- **Your objective**:
For every entry below, give an exact repeat and leave out the pictures.

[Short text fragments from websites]

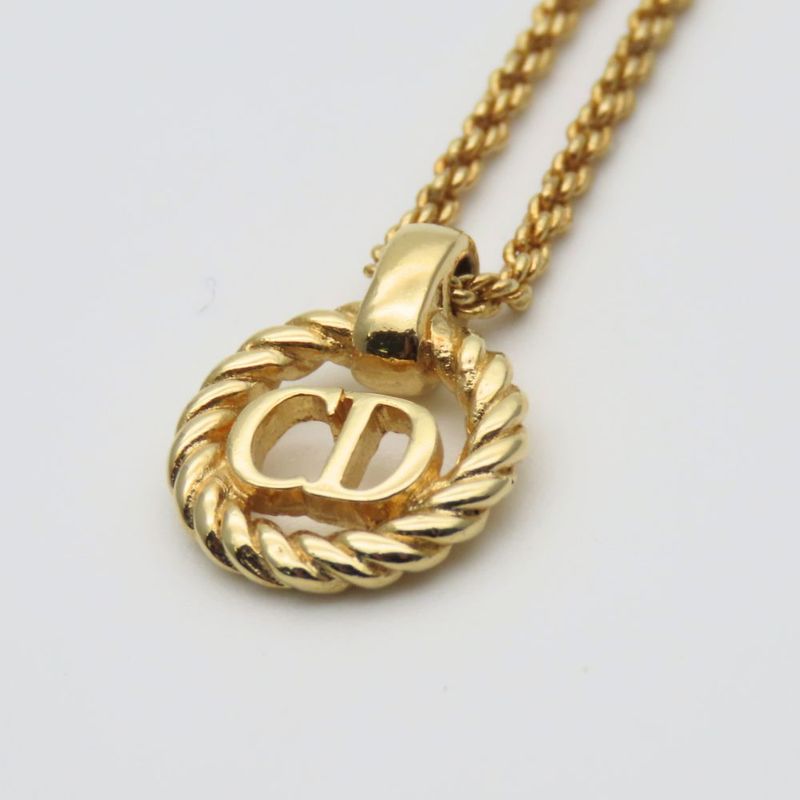 Christian Dior Necklace Metal Gold CD Logo Plated Accessories Ladies Women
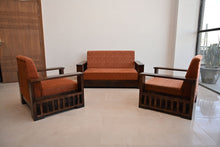 Load image into Gallery viewer, Dhana back covered sofa set with handcrafted solid wood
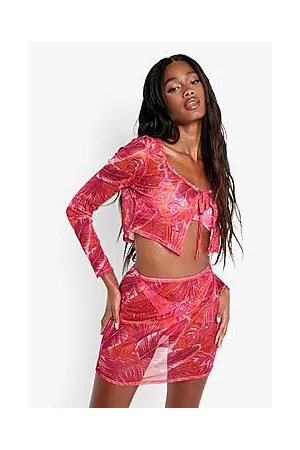 Boohoo Tropicana Mesh Tie Top & Skirt Beach Co-ord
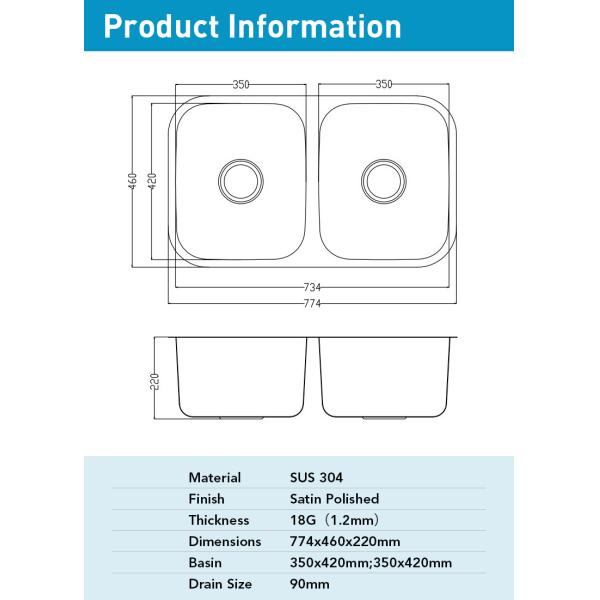 Rectangular 304 Stainless Steel Kitchen Sink Double Bowl For Garages Outdoors ODM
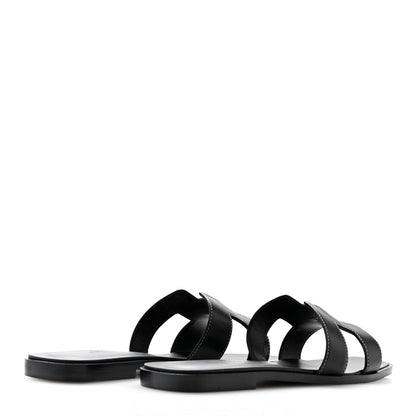 Hermes Box Calfskin Oran Sandals 39 Black 5 of 10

- **Output for this task**:
 Christian Dior Necklace Metal Gold CD Logo Plated Accessories Ladies Women
 Load image into Gallery viewer, Dhana back covered sofa set with handcrafted solid wood
 Boohoo Tropicana Mesh Tie Top & Skirt Beach Co-ord
 Rectangular 304 Stainless Steel Kitchen Sink Double Bowl For Garages Outdoors ODM
 Hermes Box Calfskin Oran Sandals 39 Black 5 of 10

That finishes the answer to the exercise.